Летом 1910 года сыновья Лев и Андрей, в то время уже духовно чуждые Толстому, вызывали у него тревогу, а иногда и глубокое раздражение. Особенно тяжело ему было присутствие сына Льва, в котором он видел одну поверхностность и самодовольство. В своем дневнике Толстой записал: «Сыновья, Андрей и Лев, очень тяжелы, хотя разнообразно, каждый по-своему» (58, 84). Для Толстого оставить наследство Льву, Андрею, а также Михаилу – способствовать их дальнейшей распущенности, увеличивать зло.
Толстой, с болью переживая саму ситуацию противостояния и борьбы в своей семье, записал в дни совместного пребывания Андрея и Льва в Ясной Поляне: «Чертков вовлек меня в борьбу, и борьба эта очень и тяжела, и противна мне. <…> В теперешнем положении моем едва ли не главное нужное – это неделание, неговорение. Сегодня живо понял, что мне нужно только не портить своего положения и живо помнить, что мне ничего, ничего не нужно» (58, 129–130). Толстой был твердо уверен: злом нельзя бороться со злом.

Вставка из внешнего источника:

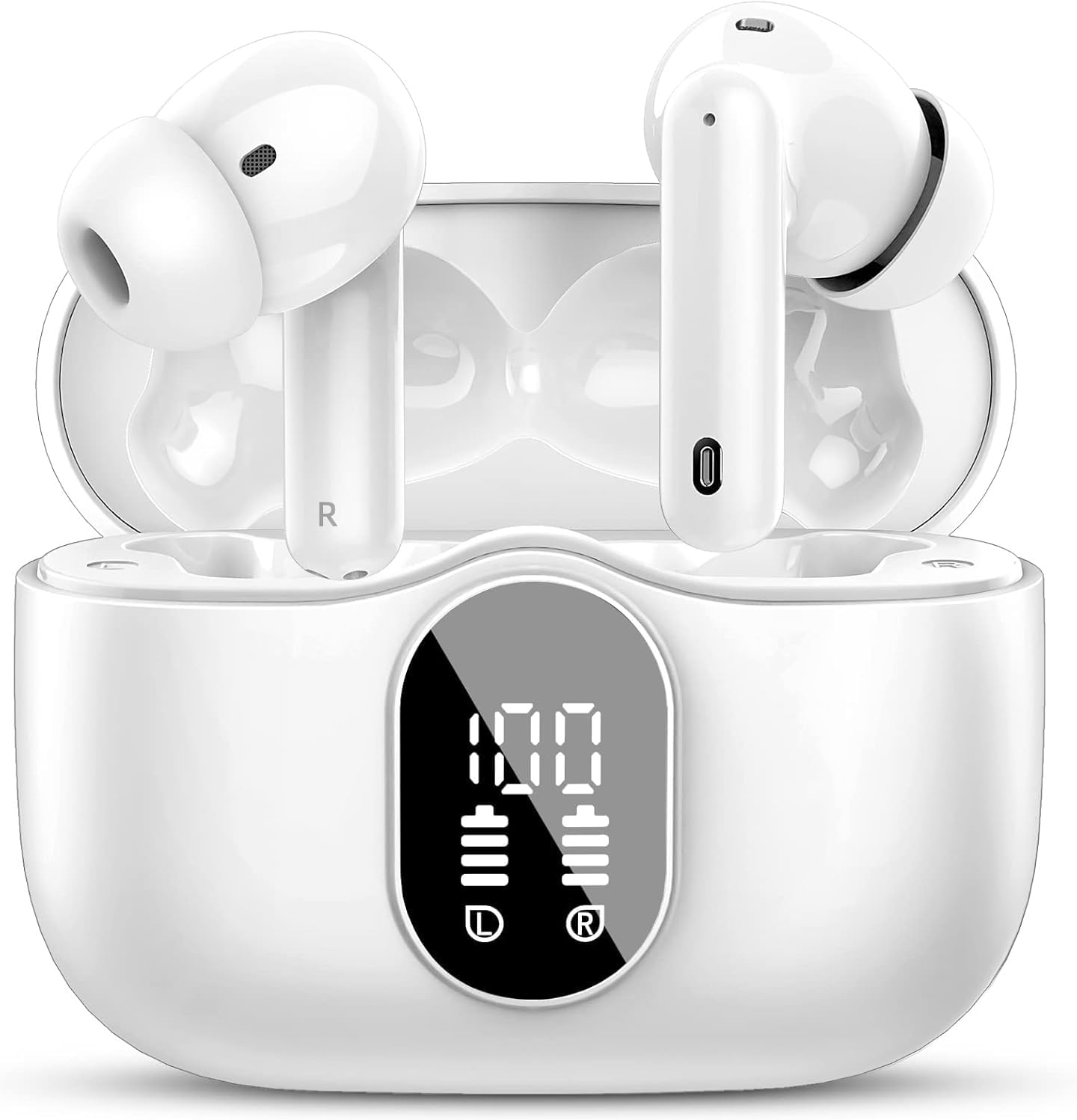 Btootos A90 Pro Wireless Earbuds, LED Display, IP7 Waterproof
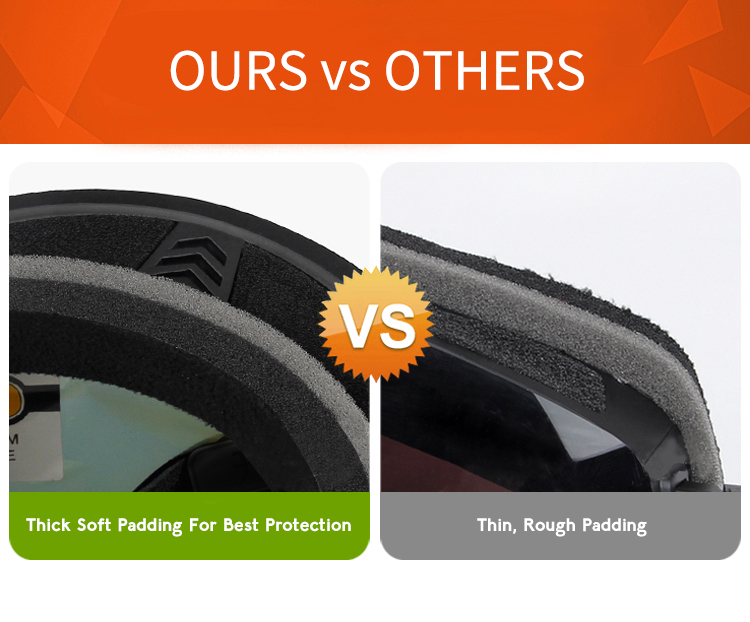 Murray Prescription Ski and Snowboard Goggles Yellow - Dual Layer Anti Fog Polarized Lenses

Толстой был удивительно мужественен, терпелив и заботлив в общении с женой. После бурной ночи с 10 на 11 июля, боясь не успеть переговорить со своим окружением, он оставил для всех записочку, призывая не отвечать Софье Андреевне злом на зло: «Ради Бога, никто не упрекайте мама́ и будьте с нею добры и кротки. Л. Т.» (82, 71). В толстовском дневнике есть пронзительная запись от 3 сентября 1910 года: «Дома также мучительно тяжело. Держись Л[ев] Н[иколаевич]». И добавлено: «Стараюсь» (58, 99).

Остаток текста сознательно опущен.